Rebuilding 9N front bushing and axle pin , someone put an 8N casing on it which is different than 9N and they have washers and spacers 2 long and short for axle pin. I have none in mine so I bpught 3 washers and a short spacer to take up free space in axle pin. Should I put on original casing or does it matter ?
Photo 1 and 2 are for 8N and is a cradle for 8N ,#1 is my 8N CRADLE ON MY 9n
#3 is a 9N cradle
The Last photo SHOWS an 8n AXLE, WASHERS (2) AND SPACER
Do I need these on my 9N since the cradle is a 8N?


----------



## sixbales (May 18, 2011)

Good Morning Tiger Joe,

Last year I changed the axle pin and bushing on my Ford 3600 tractor. No washers and no spacers. If you look at the attached parts diagrams for a 9N and 8N, you will see no washers or spacers. My axle is basically centered on the pin. The radius rods hold the axle relatively centered on the axle pin. There must be a difference in the 9N/8N support castings to cause someone to put washers and spacer on your axle pin? I would install a 9N support on your tractor and leave the washers/spacers off.
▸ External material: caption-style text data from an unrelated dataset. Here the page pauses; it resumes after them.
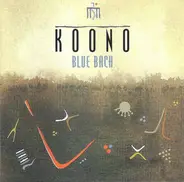 Koono - Blue Bach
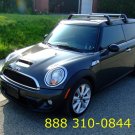 2011 MINI COOPER S CLUBMAN 8954 Miles Eclipse Gray (COST4U)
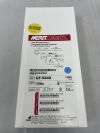 MERIT MEDICAL CF-5242/C Flex-Neck Classic Peritoneal Dialysis Catheter, Pediatric, Coiled, 2 Cuffs 6.5cm x 52cm, 5cc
New Holland 9N - FORD 4 CYL AG TRACTOR(01/39 - 12/41) Parts


New Holland 9N - FORD 4 CYL AG TRACTOR(01/39 - 12/41) Parts



www.messicks.com













New Holland 8N - FORD 4 CYL AG TRACTOR(01/47 - 12/52) Parts


New Holland 8N - FORD 4 CYL AG TRACTOR(01/47 - 12/52) Parts



www.messicks.com


----------



## Tiger Joe (Aug 15, 2020)

sixbales said:


> Good Morning Tiger Joe,
> 
> Last year I changed the axle pin and bushing on my Ford 3600 tractor. No washers and no spacers. If you look at the attached parts diagrams for a 9N and 8N, you will see no washers or spacers. My axle is basically centered on the pin. The radius rods hold the axle relatively centered on the axle pin. There must be a difference in the 9N/8N support castings to cause someone to put washers and spacer on your axle pin? I would install a 9N support on your tractor and leave the washers/spacers off.
> 
> ...


The


----------



## Tiger Joe (Aug 15, 2020)

sixbales said:


> Good Morning Tiger Joe,
> 
> Last year I changed the axle pin and bushing on my Ford 3600 tractor. No washers and no spacers. If you look at the attached parts diagrams for a 9N and 8N, you will see no washers or spacers. My axle is basically centered on the pin. The radius rods hold the axle relatively centered on the axle pin. There must be a difference in the 9N/8N support castings to cause someone to put washers and spacer on your axle pin? I would install a 9N support on your tractor and leave the washers/spacers off.
> 
> ...


The smaller casing photo is my 9n with a 8n cradle , the 9n is square grey and has large hole at bottom for water 3rd photo and the plate is part of casing in front whereas the 8n you attach front plate over axle pin with bolt. I was told by OS the these washers and spacers reduce movement and prevent damage to arms, distributor, fan and radiator as it bounces up down etc...


----------



## sixbales (May 18, 2011)

I have never thought about it, but it appears to me that the designers/engineers allowed for the axle to move forward and aft as necessary plus rotation on the axle pin. The radius rods hold the axle relatively centered on the axle pin. I operate my tractor on flat land so I do not have much axle motion.


----------